On yesterday’s episode of The Patriot Act, comedian Hasan Minhaj’s 20-minute takedown of the streetwear giant Supreme starts out easy enough: A critique of the mind-boggling lengths people will go—the lines they’ll stand in for hours and the prices they’ll pay—to snag a piece of Supreme-stamped swag, even if it’s not clothing but a branded crowbar or brick for over $200.
Minhaj thoroughly mocks these sneakerheads or “hypebeasts” (if they’re particularly intolerable in their pursuit of trendy fashion) before turning to his real targets: The brand’s founder James Jebbia, and its biggest investor, the private equity firm the Carlyle Group. (Jebbia and Supreme itself did not respond to a request for comment. The Carlyle Group declined to comment.)
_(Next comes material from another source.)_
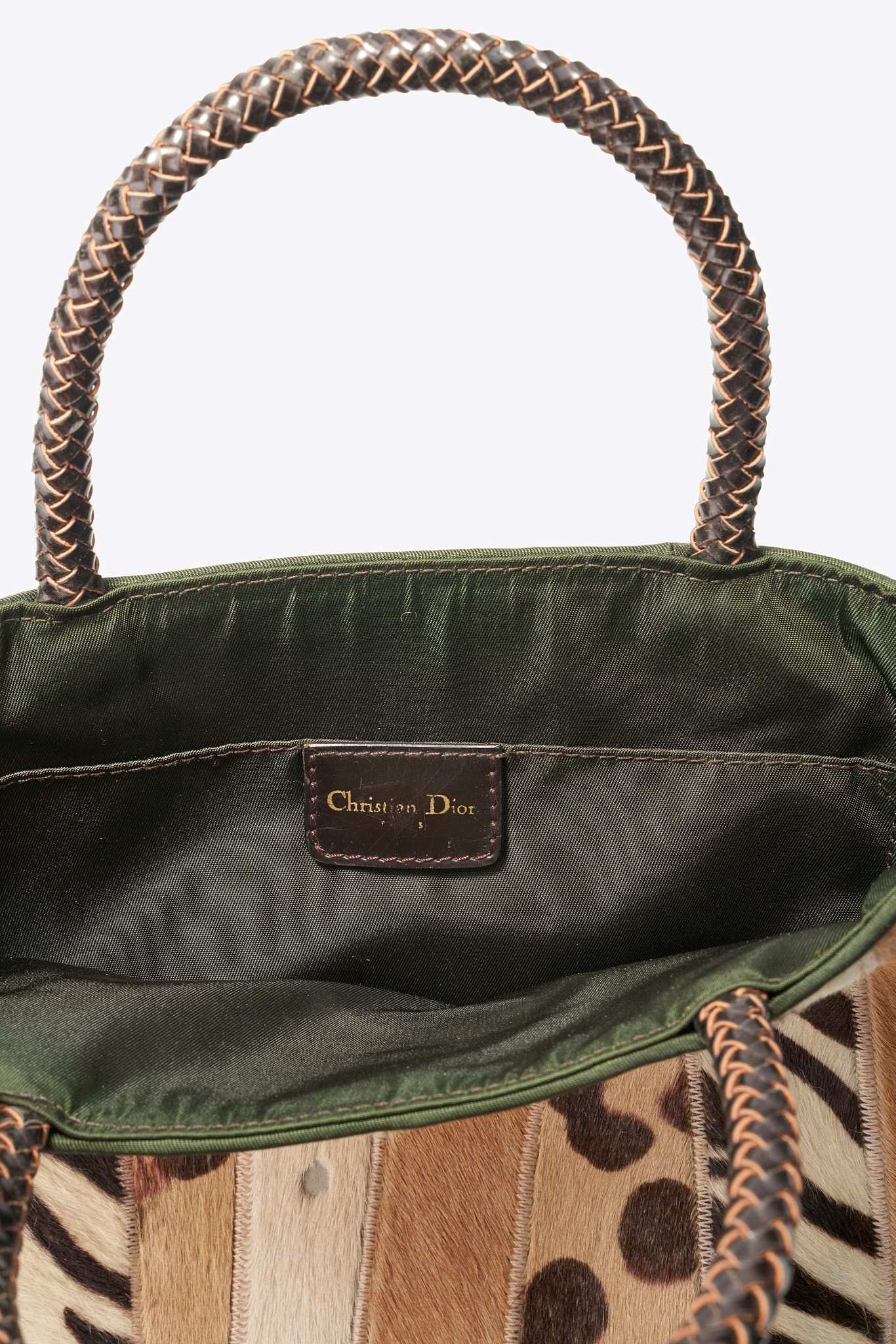 Vintage Christian Dior Calf Hair Patchwork Tote Bag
The Carlyle Group, which snagged a 50% share in Supreme for $500 million in 2017, has invested in over 200 companies, from McDonald’s to AMC to Dunkin Donuts, as well as oil drilling and coal mining companies. But it’s the corporation’s stake in the international military-industrial complex that Minhaj focused on.
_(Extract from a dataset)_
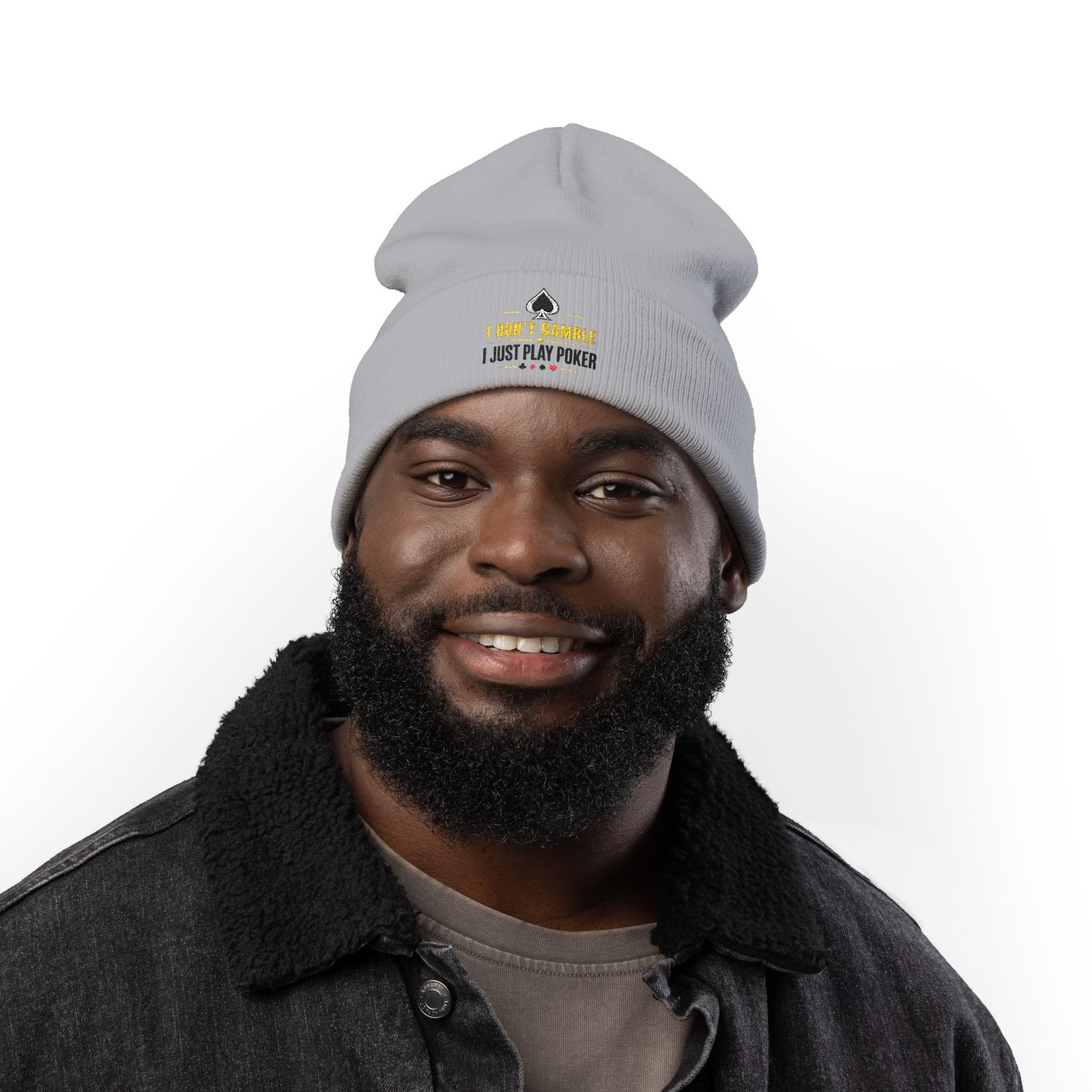 Poker Beanie – I Don’t Gamble, I Just Play Poker Winter Hat – Gold & Black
In his intentionally nerdy, outrage-humor style, Minhaj—a former correspondent on The Daily Show—carefully charts one of these relationships: The group’s 23% stake in the US-based electronics firm Wesco, which has a contract with the British defense company BAE systems: “Together, Wesco and BAE support a fighter jet called the Typhoon,” Minhaj explains to the audience, “which is used by the Saudis to bomb Yemen.”
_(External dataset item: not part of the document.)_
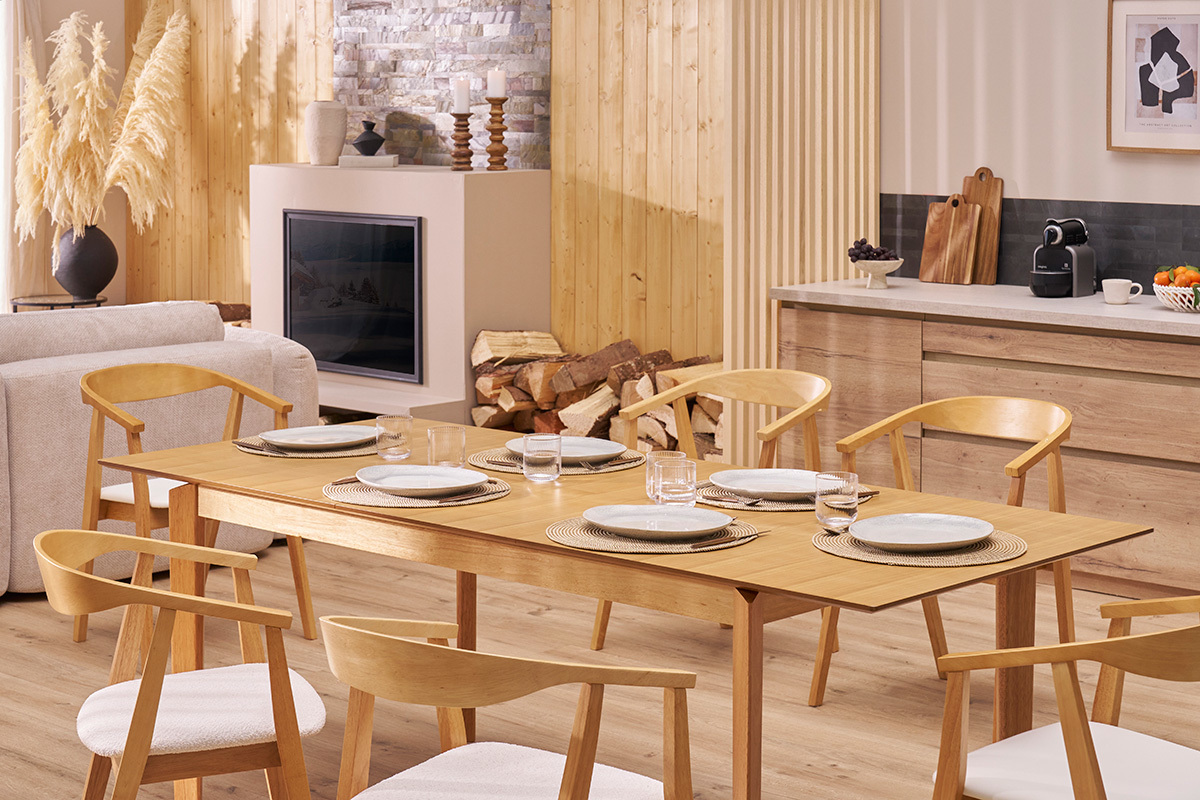 Mesa extensible rectangular de fresno 160-210 cm BONAVISTA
“This is a company that profits off of war and obesity,” he says. “Why are they trying to sell Supreme fanny packs to dudes with man buns?”
Those man-bun-wearers aren’t even buying a particularly original design, Minhaj points out, telling the often-repeated story of the Supreme logo, which is arguably a rip-off of works by the artist Barbara Kruger. “Supreme is the king of appropriation, they wouldn’t exist without it,” Minhaj notes.
He goes on to quote Kruger herself, who said of the brand in 2013, in response to a lawsuit in which Supreme admitted that her work “influenced” the Supreme logo: “What a ridiculous clusterfuck of totally uncool jokers.”